### SUPPLIED RECORDS ###

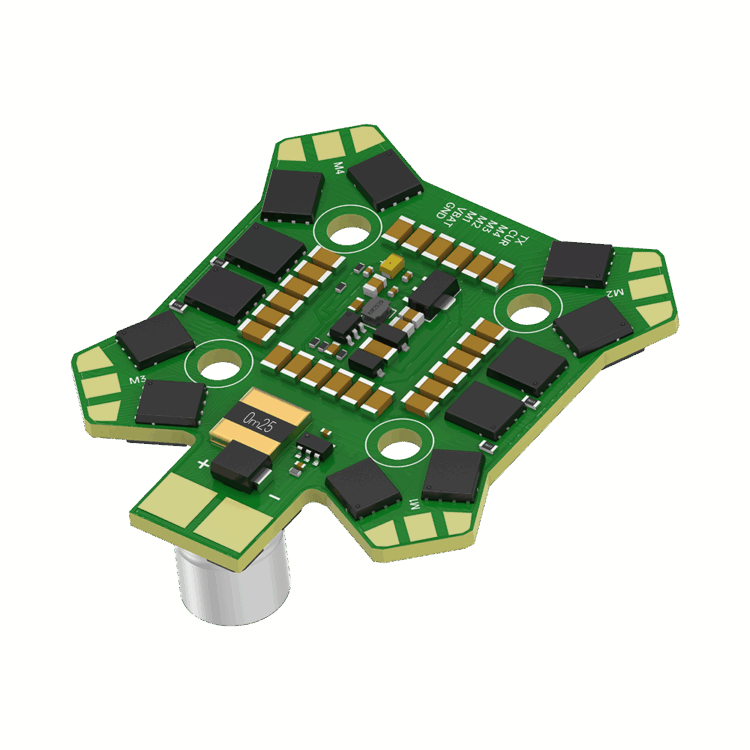 iFlight BLITZ E55R 4-IN-1 ESC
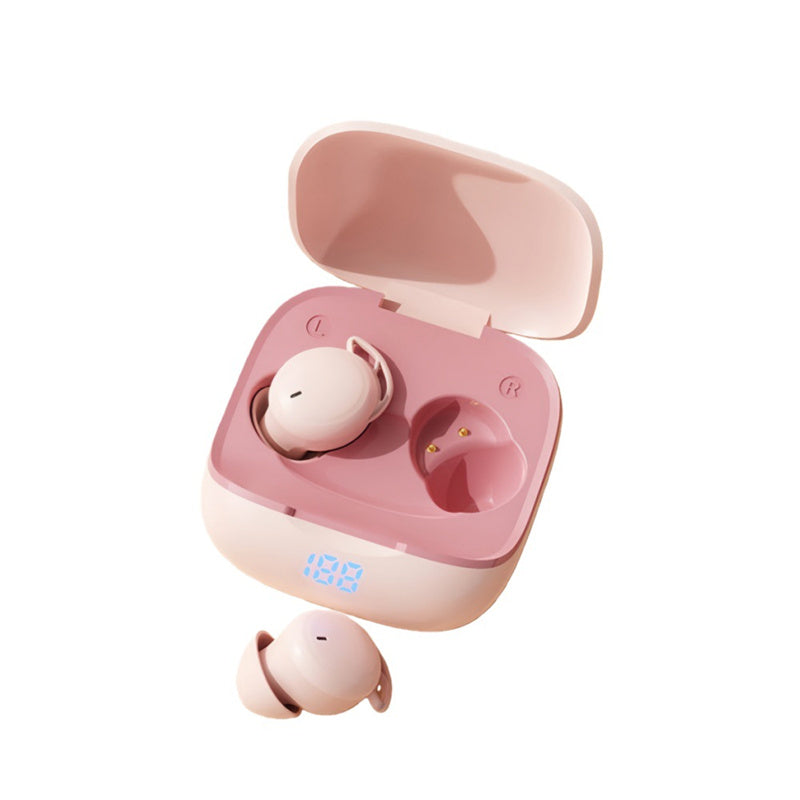 Presenter till föräldrar🎁Hörselhjälpmedel Bluetooth Sömnhörlurar Bluetooth-headset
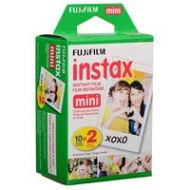 Adorama Fujifilm Instax Mini Instant Daylight Film ISO 800, 5 Twin Packs,(100 Exposures) 16437396 5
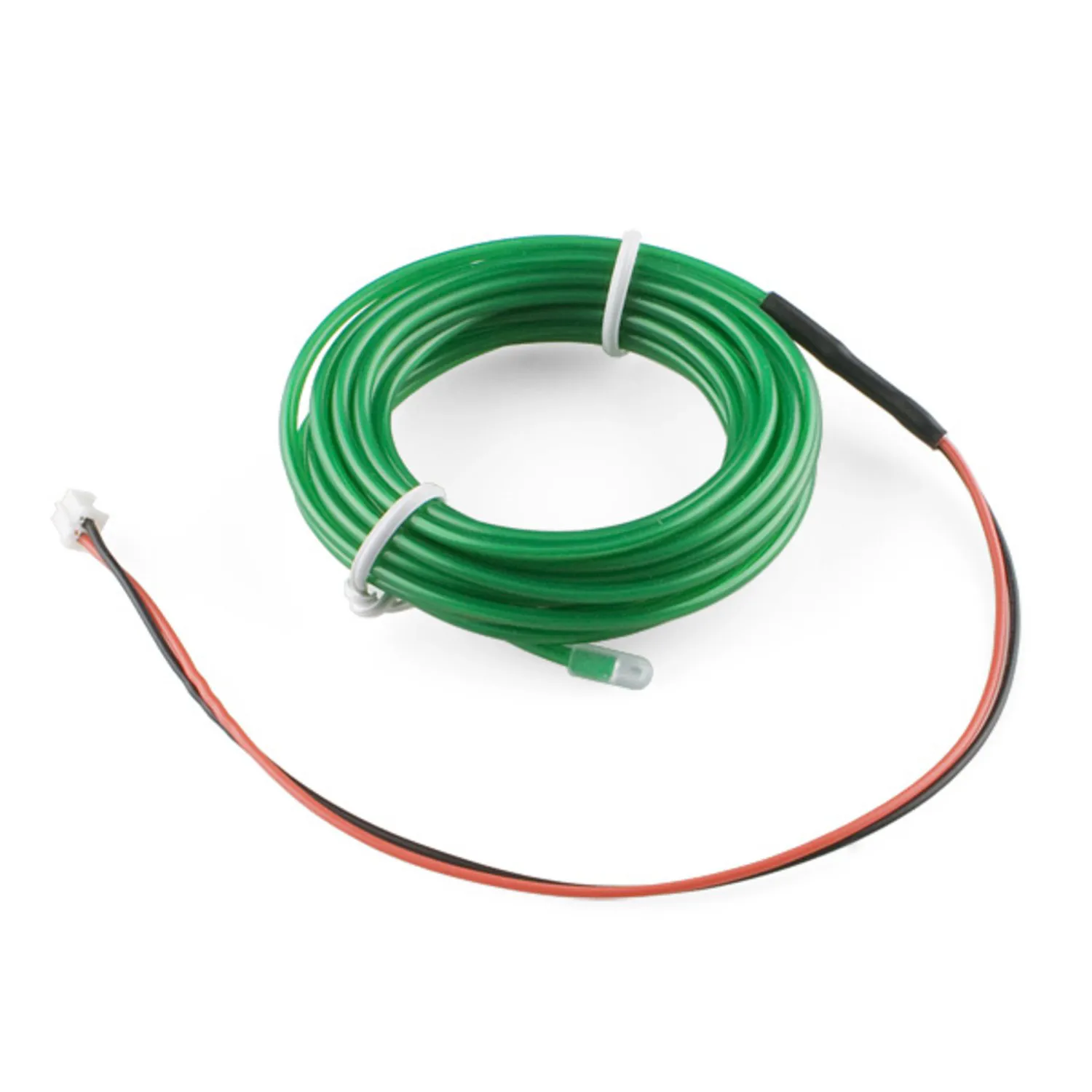 Photo of EL Wire - Green 3m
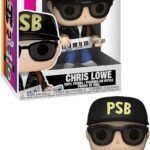 Funko POP Rocks: Pet Shop Boys - Chris Lowe
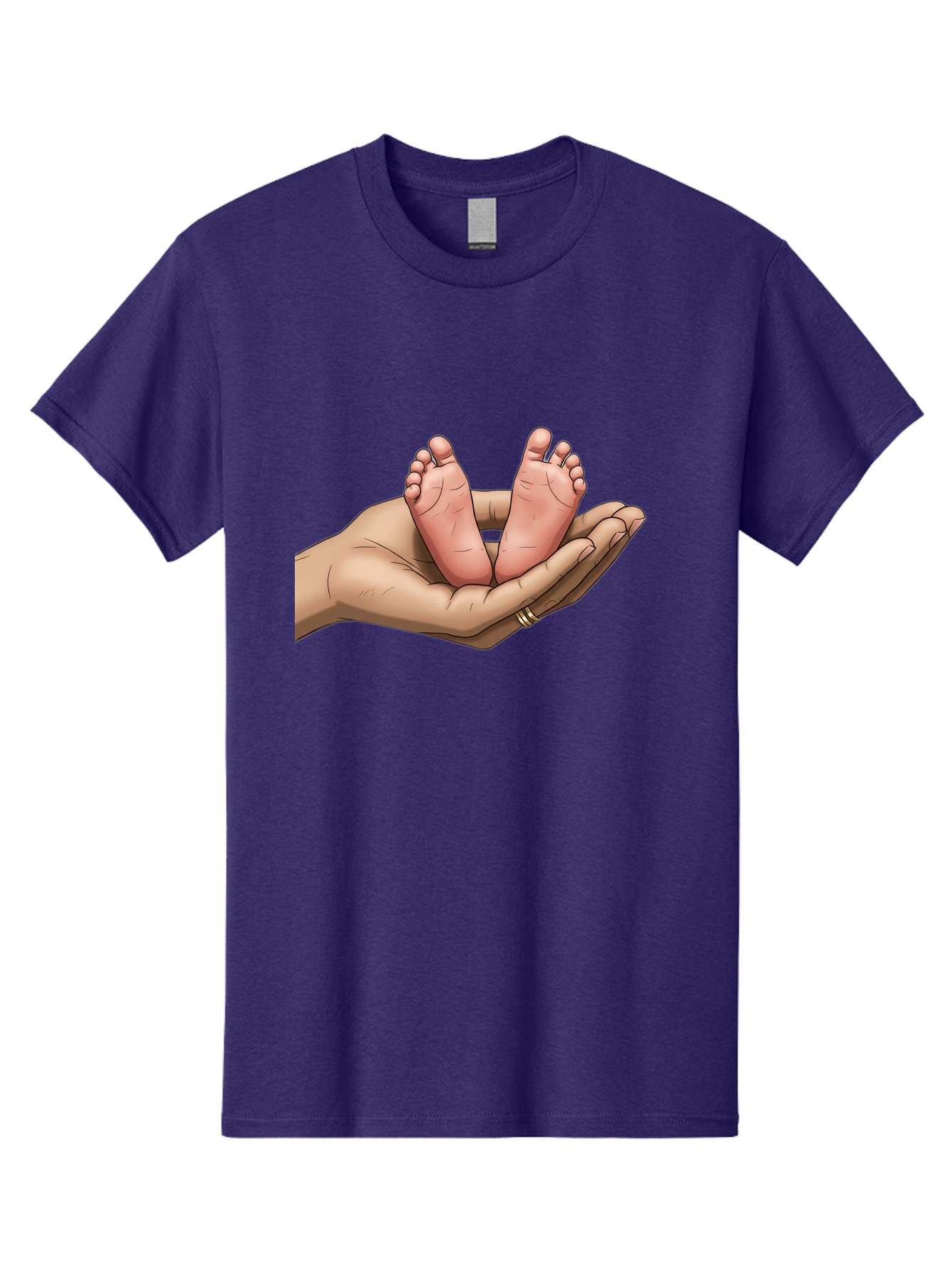 Baby-Feet-4 Men'S Graphic Tee, 100% Cotton, Comfortable Casual Summer Wear, Machine Washable, Vintage Camera, Old Camera, Antique Camera, Black Camera, Classic Photography, Photography Equipment, Nostalgic Device, Film Camera, Camera Art Bak004 13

###

YOUR GOAL:
With the pictures excluded, restate the material exactly as it stands.

OUTPUT OF THE TASK:
 iFlight BLITZ E55R 4-IN-1 ESC
 Presenter till föräldrar🎁Hörselhjälpmedel Bluetooth Sömnhörlurar Bluetooth-headset
 Adorama Fujifilm Instax Mini Instant Daylight Film ISO 800, 5 Twin Packs,(100 Exposures) 16437396 5
 Photo of EL Wire - Green 3m
 Funko POP Rocks: Pet Shop Boys - Chris Lowe
 Baby-Feet-4 Men'S Graphic Tee, 100% Cotton, Comfortable Casual Summer Wear, Machine Washable, Vintage Camera, Old Camera, Antique Camera, Black Camera, Classic Photography, Photography Equipment, Nostalgic Device, Film Camera, Camera Art Bak004 13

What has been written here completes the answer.